How Industrial Systems Get Set Up to Fail (And What to Look for Before the Emergency)
Your System Isn't Fragile Because of Bad Luck
2026-Insider-Volume7
This newsletter is for educational purposes only. The frameworks and thinking approaches described here are starting points for developing professional judgment, not prescriptive procedures for any specific facility or application. Adapt these thinking approaches with the appropriate engineering and operational expertise for your context.
This month’s Snapshot introduced the mental chain experienced engineers use when something goes wrong.
This piece is about upstream issues: how they arise and how to spot warning signs before troubleshooting.
In this issue:
Why most plant failures are predictable, and what the early warning signs actually look like
The three ways integration failures get baked into a system during design, commissioning, and everyday operations, and what to look for in each one
The three “it seemed fine” assumptions that show up in almost every post-incident review
Two downloadable tools: a system fragility audit guide and a received-system checklist for engineers inheriting a system they didn’t build
The Problem
Most integration failures aren’t random. They’re predictable.
Industrial systems are designed in
one context,
commissioned in another, and
then operated in a third,
This often occurs among different groups of people who never share the same understanding of how the entire system works. By the time something fails visibly, the conditions for that failure are usually in place for months or years.
The failure event is just when the accumulated fragility finally showed up.
That’s a challenging thing to sit with, because it means that a lot of what looks like bad luck or sudden equipment failure is actually a slow-building situation that had early warning signs nobody knew to look for.
Understanding how systems accumulate fragility and what those early warning signs look like is a different kind of knowledge than troubleshooting skills.
Troubleshooting helps you find the problem after it surfaces. This process is about developing the pattern recognition to see a fragile system before it breaks.
In my experience, integration failures trace back to one of three sources:
design-phase assumptions that were never validated,
commissioning shortcuts that left the system undercharacterized, or
accumulated change that nobody connected to the whole.
Usually it’s more than one.
The Framework
Source 1: Design-Phase Assumptions That Don’t Get Tested
Every industrial system is designed based on assumptions about
how the process will behave,
how different pieces of equipment will interact,
how operators will respond under normal and abnormal conditions.
Those assumptions are encoded into
PID tuning parameters,
interlock logic,
alarm setpoints,
network timing configurations,
and dozens of other settings that nobody looks at twice once the system is running.

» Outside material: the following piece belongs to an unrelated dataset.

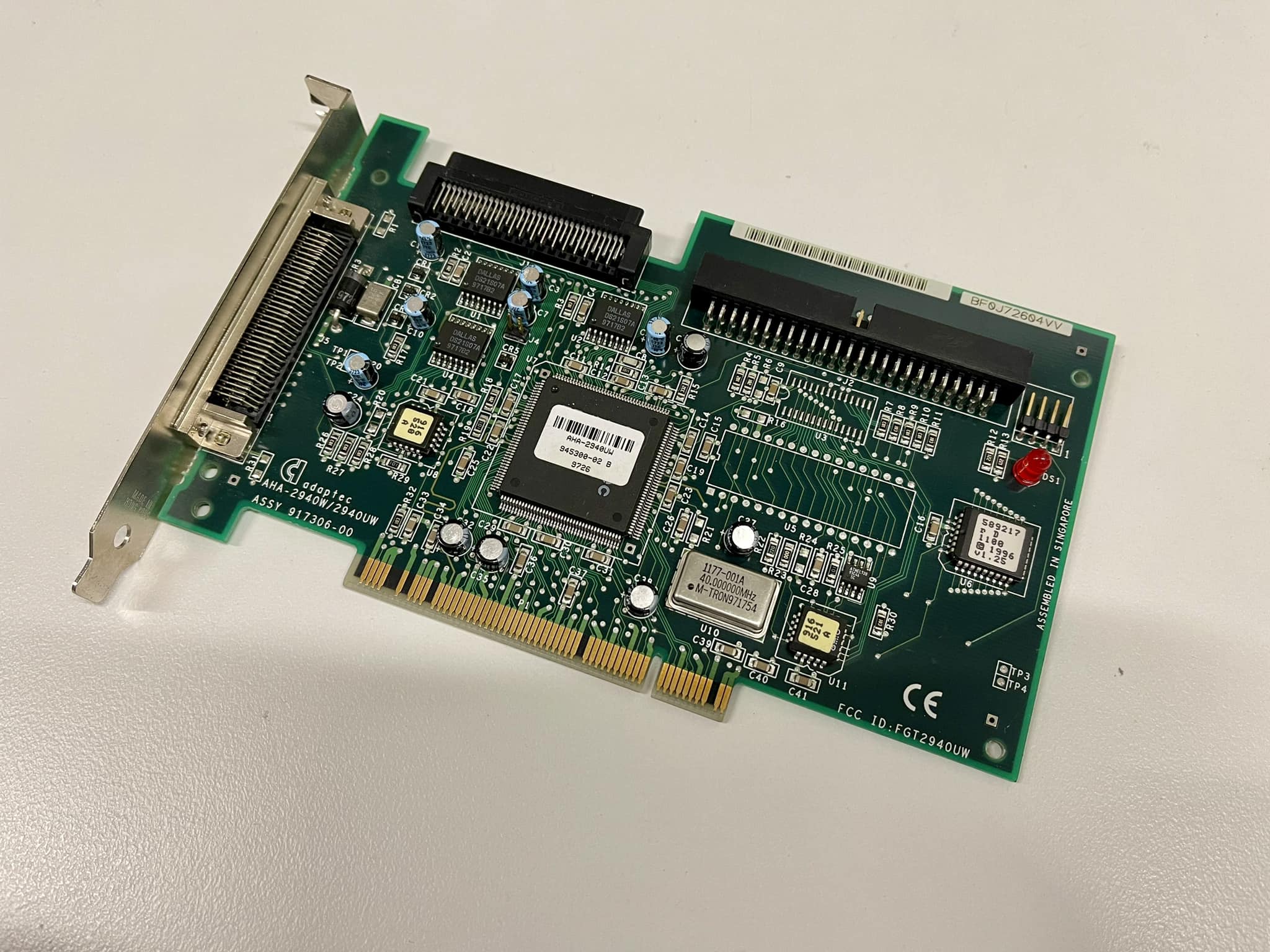Adaptec AHA-2940 retro SCSI card reliability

The problem is that some of those assumptions are never validated against the real system.
When the actual process behaves differently from the design model, the response is usually a local adjustment:
retune the controller,
raise the setpoint,
add a workaround in the logic.
The underlying assumption isn’t revisited. It gets papered over.

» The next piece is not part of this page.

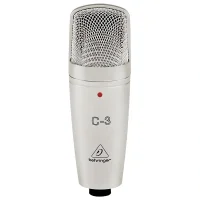 BEHRINGER C-3 Çift-Diyafram Stüdyo Condenser Mikrofon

What this approach creates is a system that works under the conditions it was tuned for but becomes unpredictable when those conditions shift.

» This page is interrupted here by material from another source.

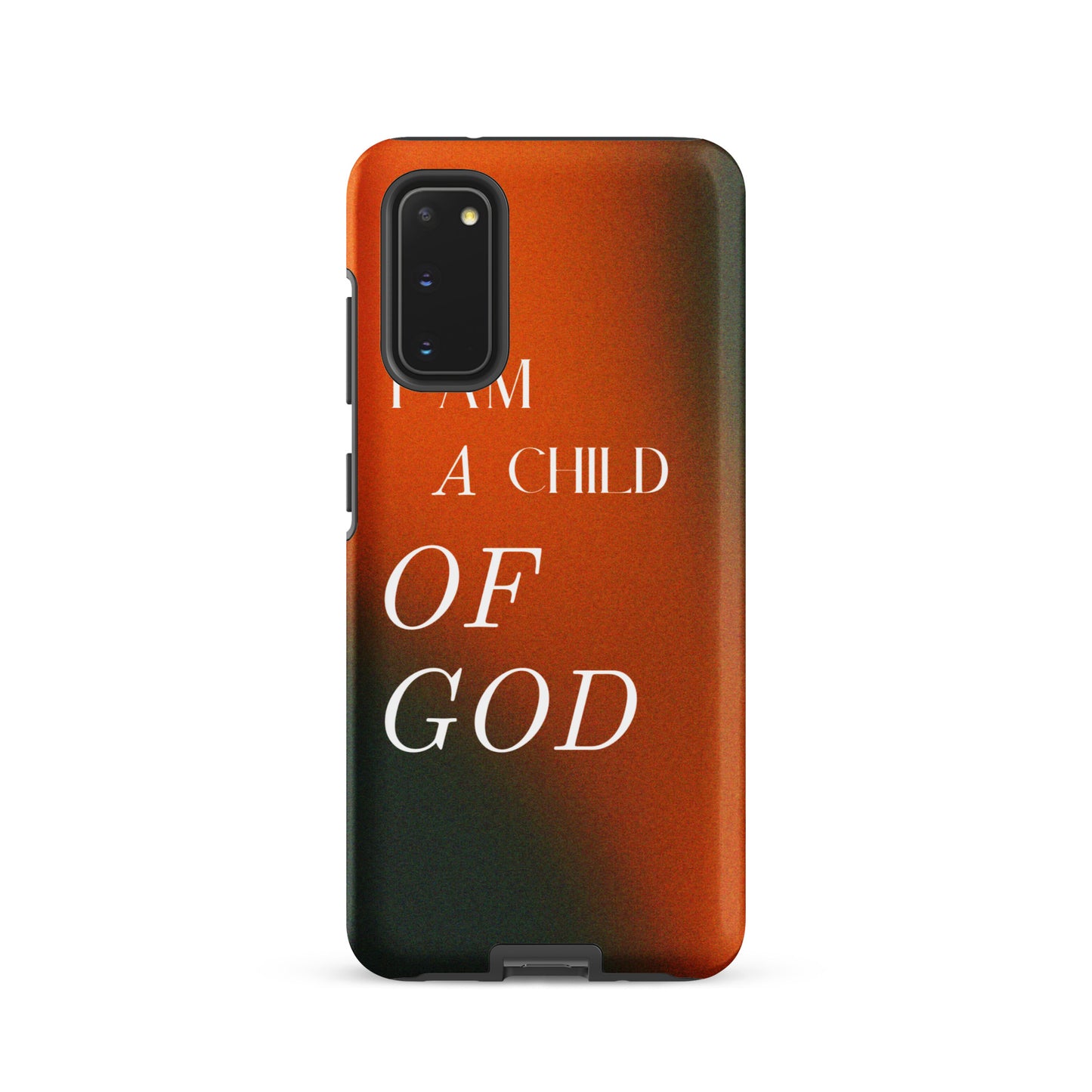 I AM A CHILD OF GOD TOUGH CASE FOR SAMSUNG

The original design intent is no longer visible in the running configuration. What’s visible instead is a layer of accumulated adjustments that each made sense at the time, but nobody has a map of.
When I walk into a system and I see
PID controllers running at parameters far outside their original design values,
interlocks that have been bypassed for reasons nobody can clearly explain, or
alarm setpoints that drift slowly upward every year because the process is “always in alarm,”
those are signals that the system is carrying unvalidated assumptions. They’re worth asking about.
The question that opens this up is a simple one: does anyone know what conditions the original design was tested against, and are those conditions still true?
If you want to work through this systematically, Section 1 of the ICS System Fragility Self-Assessment Guide (linked at the end of this issue) covers exactly this, with diagnostic questions for whether design assumptions are documented, whether current parameters and setpoints still reflect original intent, and whether the institutional knowledge behind the original design is still in the building.